Insulin-like peptides (ILPs) have regulatory roles in reproduction, development and metabolism in invertebrates. The mode of ILP actions has not been well studied in invertebrates in regard to the role of binding partners, i.e., ILP binding protein (ILPBP). In this study, the full-length cDNA of Callinectes sapidus ILPBP (Cas-ILPBP, 960 bp) has been isolated using RACE cloning, having short 5' and 3' UTRs of 30 and 162 bp, respectively. The predicted precursor of Cas-ILPBP (255 aa) contains, in order a signal peptide (23 aa), an insulin-like growth factor (IGF) binding (IB) domain (79 aa), a kazal-type serine protease inhibitor (KI) domain (36 aa) and an immunoglobulin (Ig) domain (101 aa). Phylogenetic analysis shows that Cas-ILPBP is grouped with the ILPBPs of other crustacean species, and it shares the closest relationship with the ILPBP from another crab species, Scylla paramamosain. Transcripts of Cas-ILPBP are found in all examined tissues, with the highest levels in the nervous tissues (eyestalk ganglia, brain and thoracic ganglia complex) and followed by midgut, the pericardial organ, abdominal muscle and the heart. As Cas-ILPBP contains a putative Ig domain, it is hypothesized that this protein may be involved in immunity, particularly in the adult females infected with a reo-like virus (CsRV1). The expression levels of Cas-ILPBP are examined in several tissues (hemocytes, midgut, eyestalk ganglia) from the animals carrying varying levels of CsRV1 at 17 and 23 °C water temperatures. Cas-ILPBP levels in the midgut are most significantly affected by high levels of CsRV1 infection. Reduction in Cas-ILPBP levels in the midguts is noted from the animals infected with high levels of CsRV1 that show reduced or stop feeding activity, indicating that it may play an important role in midgut functions such as digestion and nutrient absorption.
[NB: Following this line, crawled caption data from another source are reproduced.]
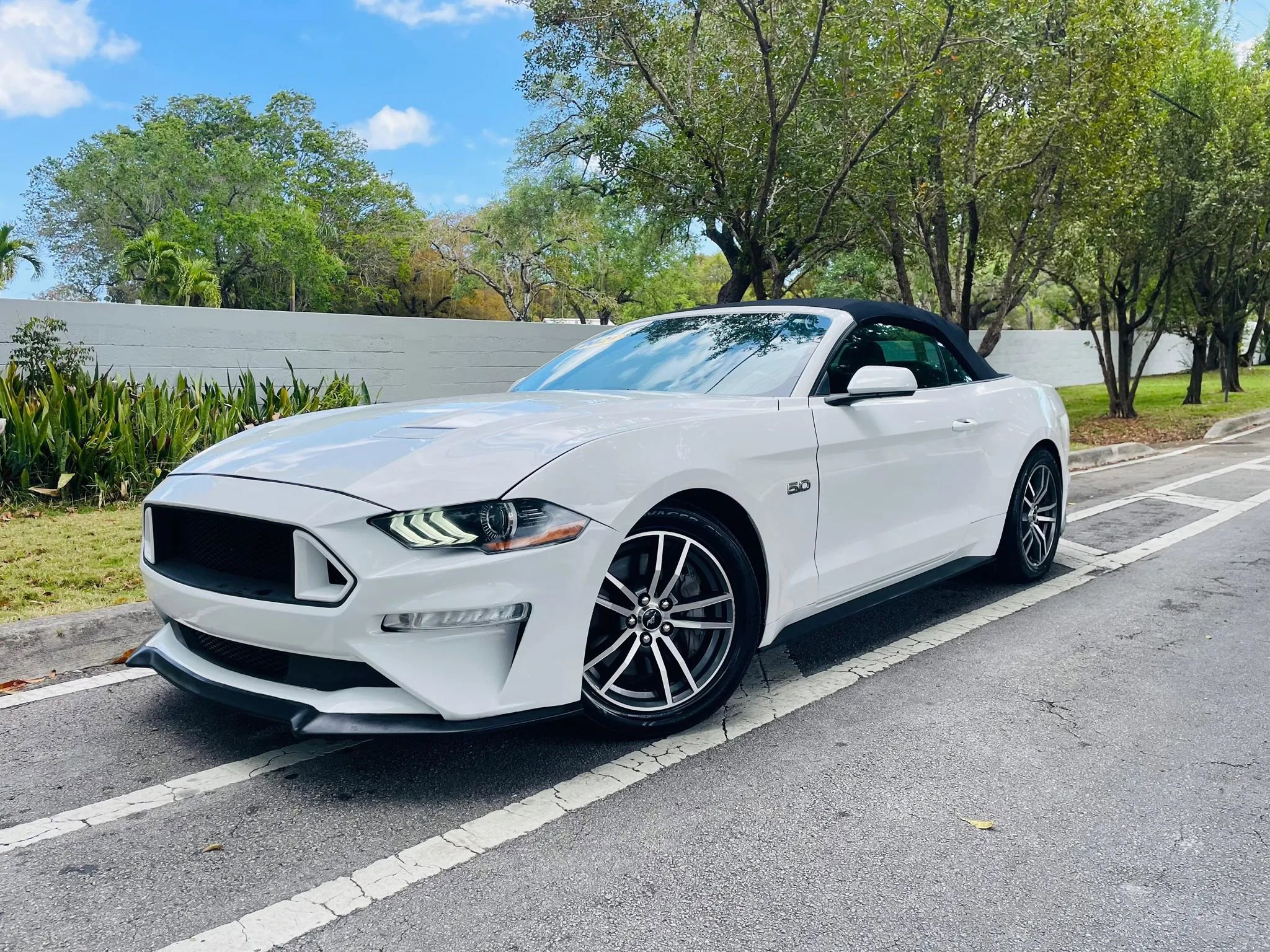 Used 2021 Ford Mustang GT Premium RWD image 1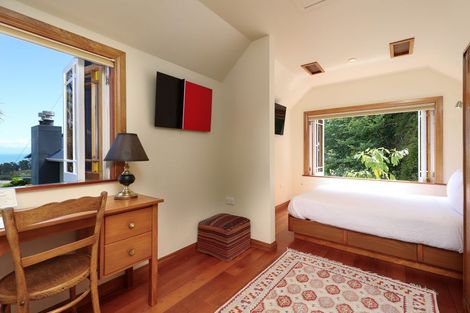 Photo of property in 24 Richardson Street, Britannia Heights, Nelson, 7010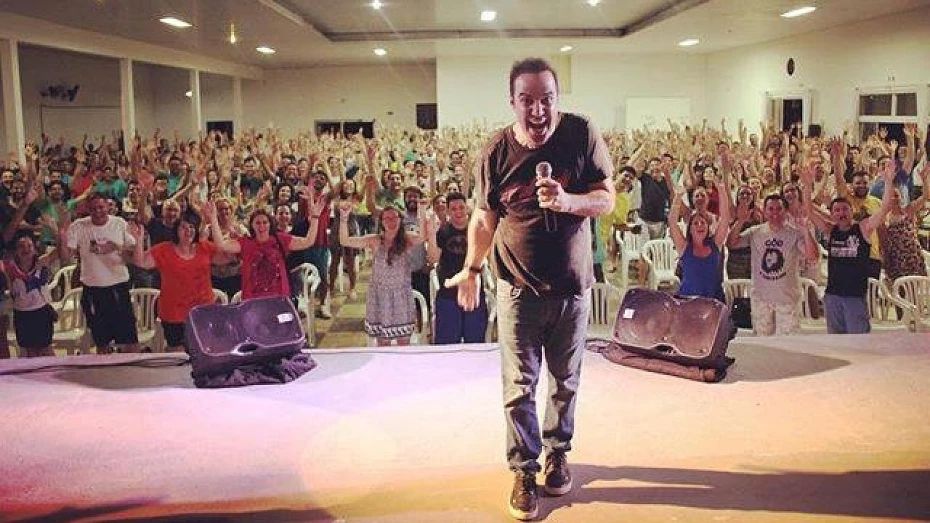 Peças teatrais e stand up são destaque no fim de semana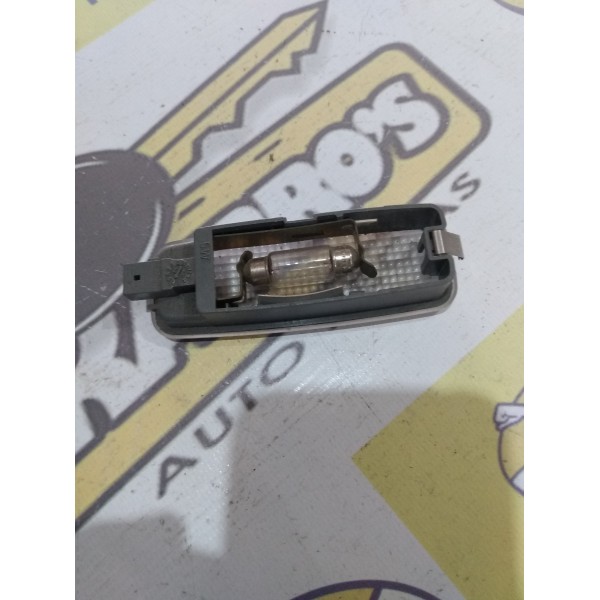 Luz De Cortesia Interna Para Audi A3 A4 A6 E A8 8l0947105a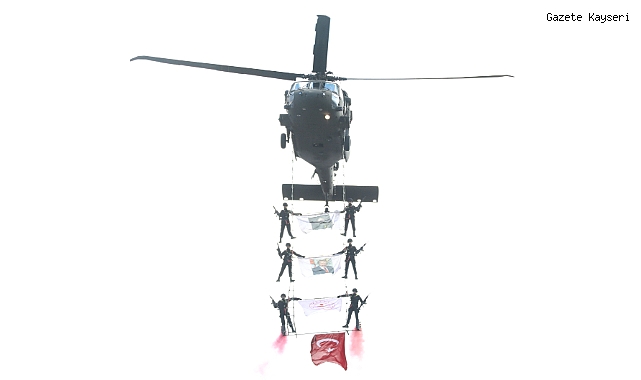 KAYSERİ'DE CUMHURİYET COŞKUSU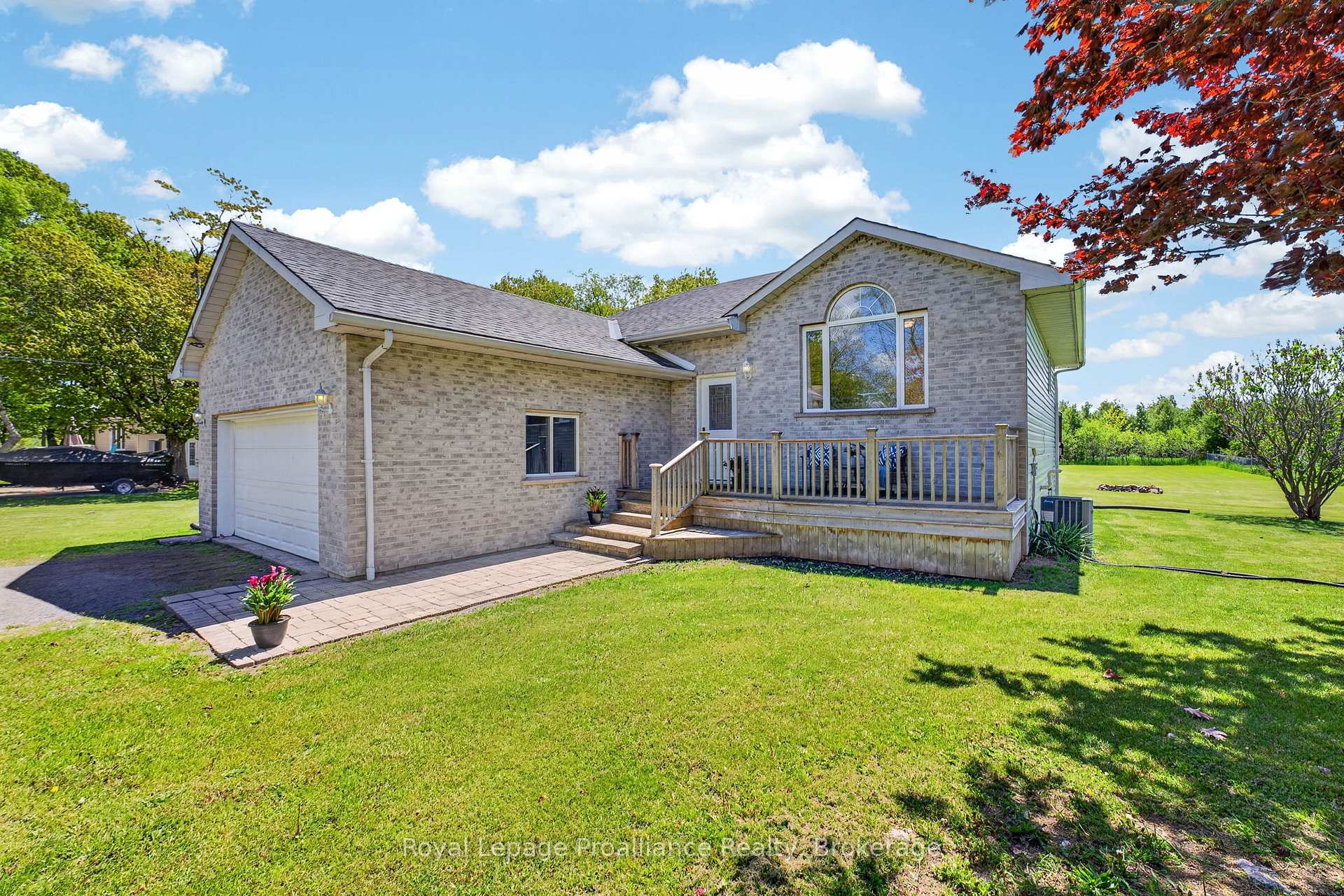 112 Huycks Bay Road, Prince Edward County, ON K0K 3L0 — Prince Edward County, Ontario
PCR-based prevalence of a fatal reovirus of the blue crab, Callinectes sapidus (Rathbun) along the northern Atlantic coast of the USA.

There is a need for more information on the relationship between diseases and fluctuations of wild populations of marine animals. In the case of Callinectes sapidus reovirus 1 (CsRV1, also known as RLV), there is a lack of baseline information on range, prevalence and outbreaks, from which to develop an understanding of population-level impacts. An RT-qPCR assay was developed that is capable of detecting 10 copies of the CsRV1 genome. In collaboration with state, federal and academic partners, blue crabs were collected from sites throughout the north-eastern United States to assess the northern range of this pathogen. In addition, archived crab samples from the Chesapeake Bay were assessed for CsRV1 by RT-qPCR and histology. PCR-based assessments indicate that CsRV1 was present at all but one site. Prevalence of CsRV1 as assessed by RT-qPCR was highly variable between locations, and CsRV1 prevalence varied between years at a given location. Mean CsRV1 prevalence as assessed by RT-qPCR was >15% each year, and peak prevalence was 79%. The wide geographic range and highly variable prevalence of CsRV1 indicate that more study is needed to understand CsRV1 dynamics and the role the virus plays in blue crab natural mortality.